- ACTIVITY
Restate the opening lines of the material below word for word, stopping after the line that contains "Veimia Exclusive Customized".

=== INPUT ===

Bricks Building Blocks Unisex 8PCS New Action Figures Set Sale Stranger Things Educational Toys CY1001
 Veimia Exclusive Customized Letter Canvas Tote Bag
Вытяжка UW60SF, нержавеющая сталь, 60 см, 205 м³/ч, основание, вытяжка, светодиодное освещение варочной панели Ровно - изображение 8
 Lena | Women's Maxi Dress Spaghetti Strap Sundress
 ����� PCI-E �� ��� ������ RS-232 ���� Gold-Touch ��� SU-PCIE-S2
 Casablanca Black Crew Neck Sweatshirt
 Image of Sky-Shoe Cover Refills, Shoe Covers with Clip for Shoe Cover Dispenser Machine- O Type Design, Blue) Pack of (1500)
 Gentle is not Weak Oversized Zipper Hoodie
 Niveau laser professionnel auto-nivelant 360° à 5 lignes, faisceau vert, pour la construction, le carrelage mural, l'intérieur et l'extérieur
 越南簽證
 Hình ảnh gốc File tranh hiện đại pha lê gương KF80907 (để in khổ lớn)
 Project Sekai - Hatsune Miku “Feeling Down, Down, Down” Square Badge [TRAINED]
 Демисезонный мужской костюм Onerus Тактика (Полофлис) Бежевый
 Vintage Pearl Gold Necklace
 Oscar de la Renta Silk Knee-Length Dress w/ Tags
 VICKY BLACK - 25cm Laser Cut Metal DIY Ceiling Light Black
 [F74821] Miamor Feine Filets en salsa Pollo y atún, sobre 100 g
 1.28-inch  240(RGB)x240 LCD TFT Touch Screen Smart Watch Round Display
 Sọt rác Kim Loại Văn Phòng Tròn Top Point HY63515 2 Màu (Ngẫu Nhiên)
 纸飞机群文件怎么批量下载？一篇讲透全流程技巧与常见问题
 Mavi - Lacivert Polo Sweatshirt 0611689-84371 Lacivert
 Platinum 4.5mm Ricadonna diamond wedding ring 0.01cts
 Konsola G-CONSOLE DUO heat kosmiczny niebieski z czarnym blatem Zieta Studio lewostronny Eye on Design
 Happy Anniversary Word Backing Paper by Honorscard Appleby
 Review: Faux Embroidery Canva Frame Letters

===

- EXERCISE RESPONSE
Bricks Building Blocks Unisex 8PCS New Action Figures Set Sale Stranger Things Educational Toys CY1001
 Veimia Exclusive Customized Letter Canvas Tote Bag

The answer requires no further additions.